# The Cuddler Type.



## Nell (Aug 26, 2010)

So, here's my situation. My relationship with Ziggy has progressed to the point he is fine with me touching his feet and underside (he even lets his feet dangle when I pick him up and was ok with me cleaning under his nails with my nails), I can see his reverse hawk sometimes, his quills are mostly down around me and sometimes he won't flinch when I try and touch his head. In fact today I tried wearing two layers of clothing to let him sleep in between them and he took to it wonderfully...after some exploring and unssuccesful attempts at digging a hole through my chest, he fell asleep between my boobs ( he sleeps most of the time). Boys will be boys... 
I'm even happy that he hasn't pooped or peed on me once since I got him

Now, does this mean he is a cuddler? or is he just being a sleepy hoglet? What makes a hedgehog a cuddler? Should I expect this behaviour to change when he gets on in years?


----------



## Immortalia (Jan 24, 2009)

:lol: Sleeper = cuddler. Means that you are seen as a heat source and a bed, and they snuggle up to you for it. My boy's a cuddler as well, he sleeps for hours in my lap, on my stomach, or snuggled inbetween on my chest. 

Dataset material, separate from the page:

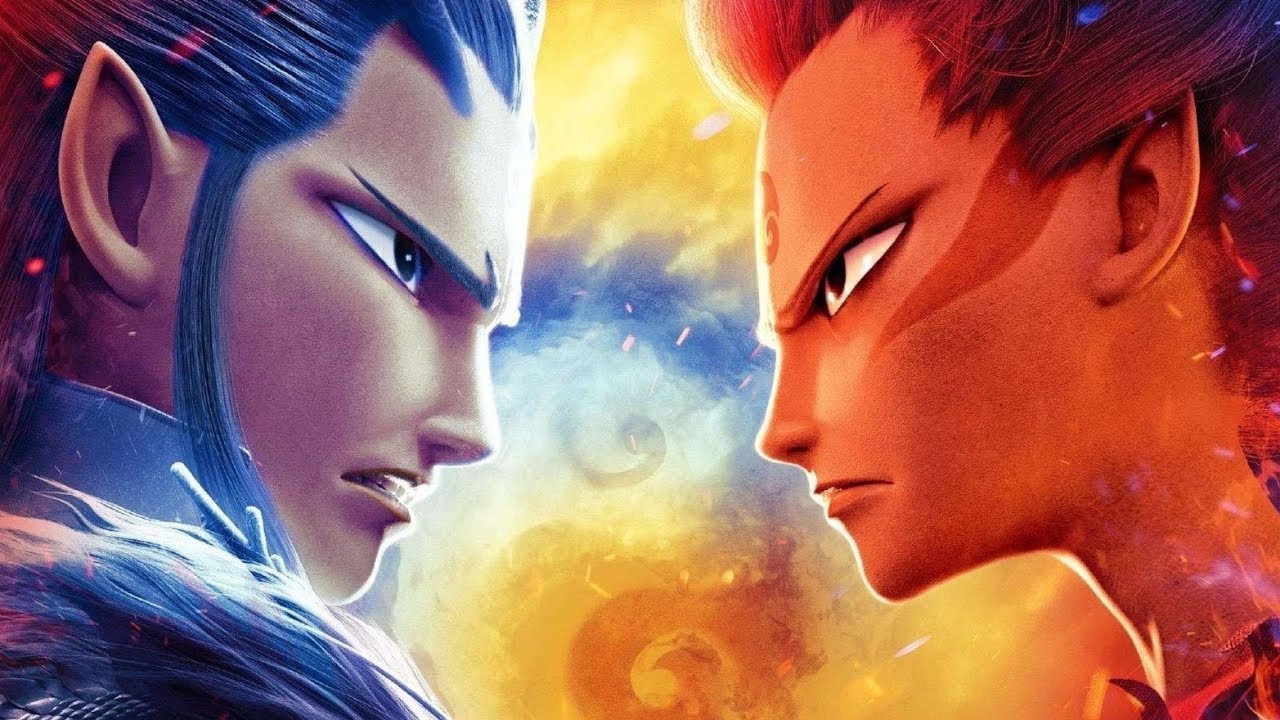 Alan Reviews 'Ne Zha' ('Nézhā zhī Mótóng Jiàngshì') [2019] {HD} YouTube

After quilling, they sometimes MAY change. My boy hasn't. He'll still rather sleep on me than to roam around and explore. He's gonna be 2 years old soon ( :shock: omg I actually had to look that up and verify he's really gonna be 2...my how time flies)


----------



## PJM (May 7, 2010)

I agree! Cuddlers are really just sleepers. :lol: Our Cholla is 100% cuddler/sleeper. He can even be in his wheel, running at full speed & the second he's in my hands, he immediately lays down & starts to fall asleep.
We're still figuring Zoey out - but I think she's turning into a bit of a cuddler also. Past few nights she's felt comfortable enough to lay down on me.


----------



## Nell (Aug 26, 2010)

Ohh. That's a very important tidbit of info to hear. I used to think Ziggy was an explorer but recently he just looks for a place to sleep in when I get him out, invariably. 
Usually the only way to entice him without getting an "Argh!" reaction is sticking mealworms or cilantro in front of his nose.

I know hoglets sleep more than adults, but until what age? I know they reach their full size in a year but is that how long it takes before they stop sleeping so much?


----------